> [Activity]:
The response must be the exact lines from the line holding "ATON Sweaters Mesh" through the end of the entries, with no pictures and nothing else.

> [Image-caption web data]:
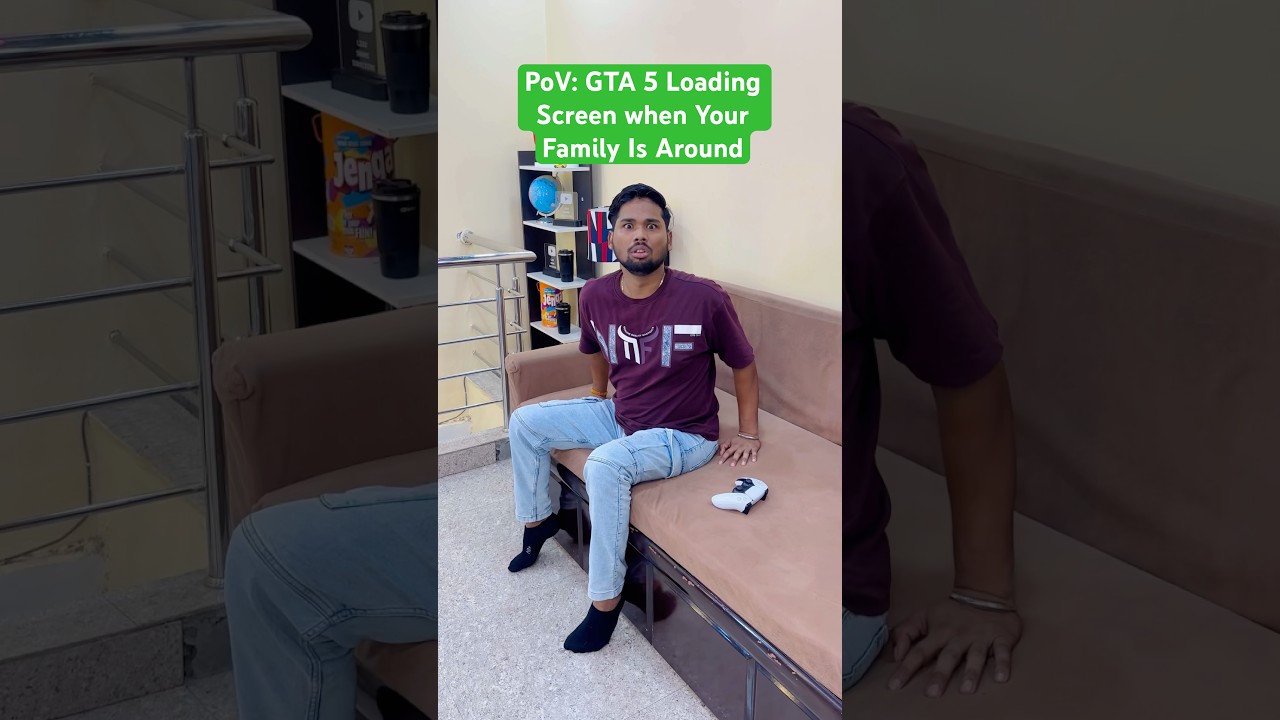 When You Were Caught On The GTA 5 Loading Screen #comedy #funny #reletable #shorts #shortsfeed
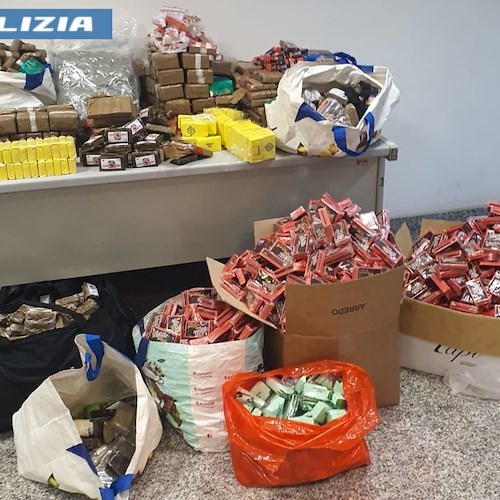 350 kg di droga<br />&copy; Polizia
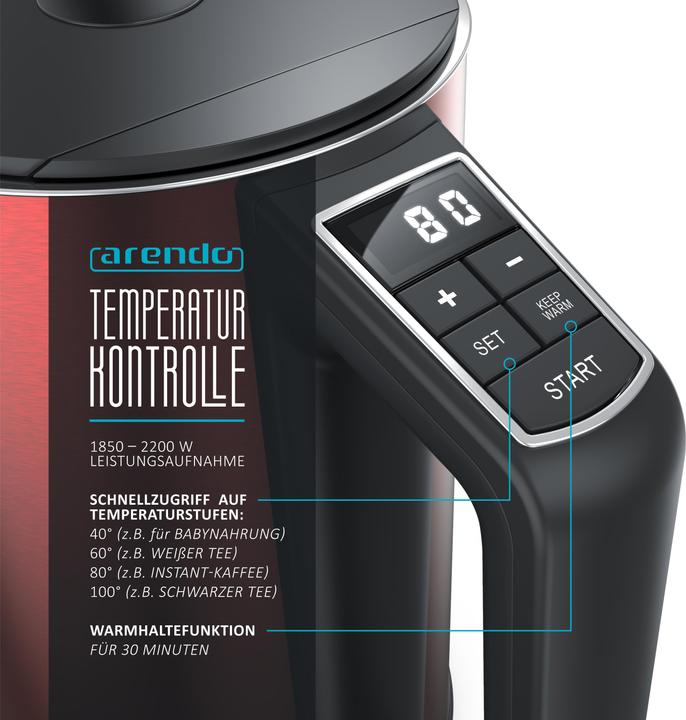 Actual product image Arendo Kettle (1.50 l)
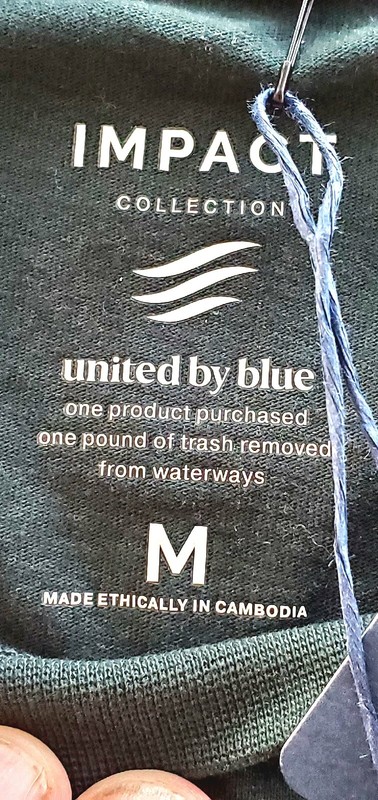 NWT United By Blue Impact Collection Men's Medium Long S T-shirt "Forever Green" gallery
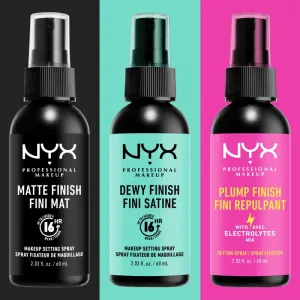 NYX Professional Makeup Plump Finish Setting Spray fixačný sprej na make-up s vitamínmi 60 ml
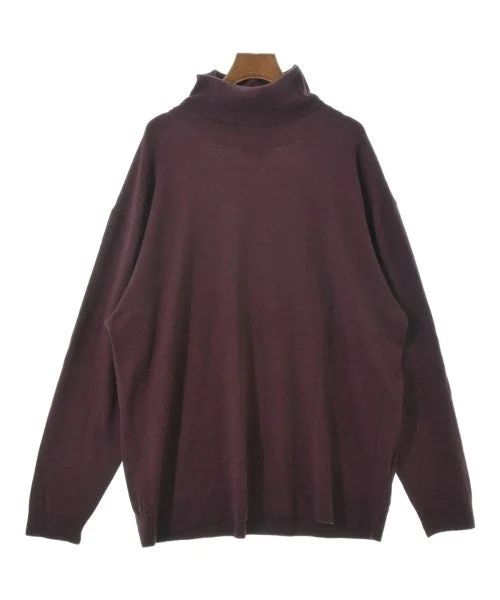ATON Sweaters Mesh Blend Leather Blend Suede Blend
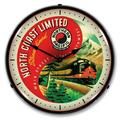 1603639 Northern Pacific clock - Made in USA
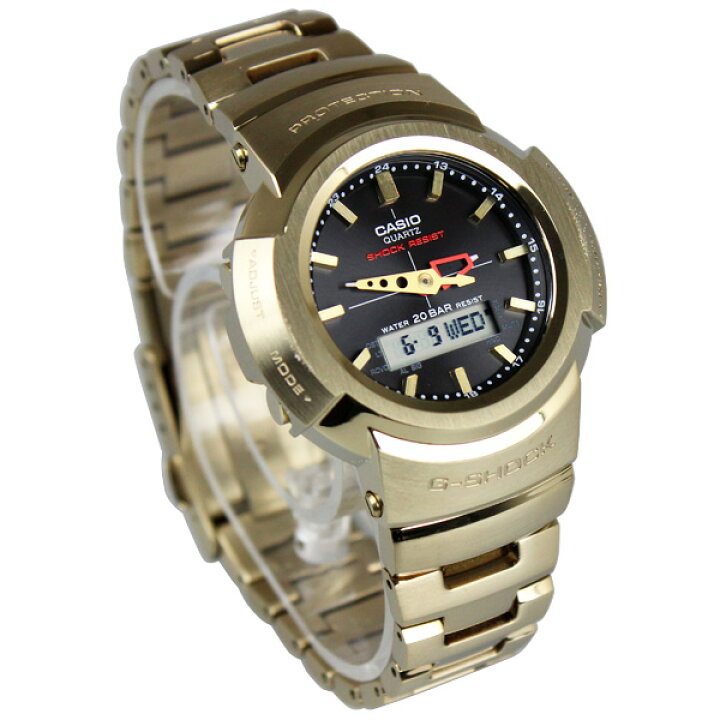G-SHOCK/フルメタル/AWM-500/ゴールド/電波/ソーラー/時計/箱付 渡り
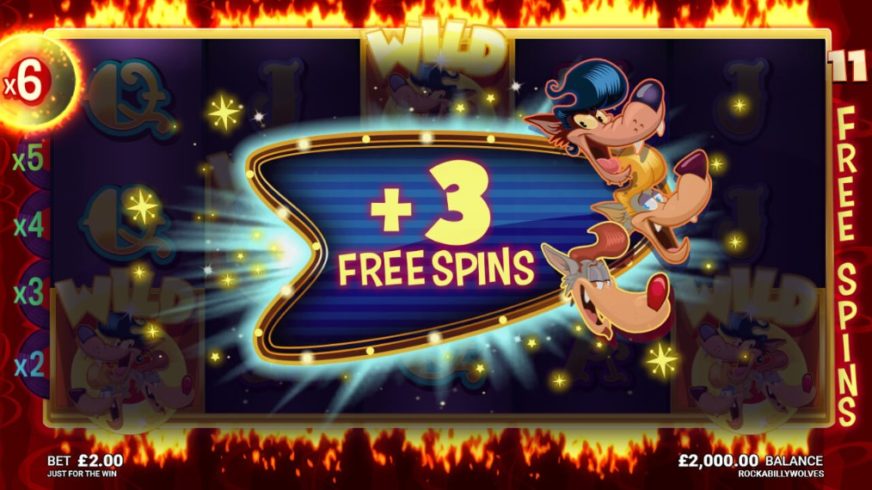 Rockabilly Wolves slot screen 4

> [Result of this task]:
ATON Sweaters Mesh Blend Leather Blend Suede Blend
 1603639 Northern Pacific clock - Made in USA
G-SHOCK/フルメタル/AWM-500/ゴールド/電波/ソーラー/時計/箱付 渡り
 Rockabilly Wolves slot screen 4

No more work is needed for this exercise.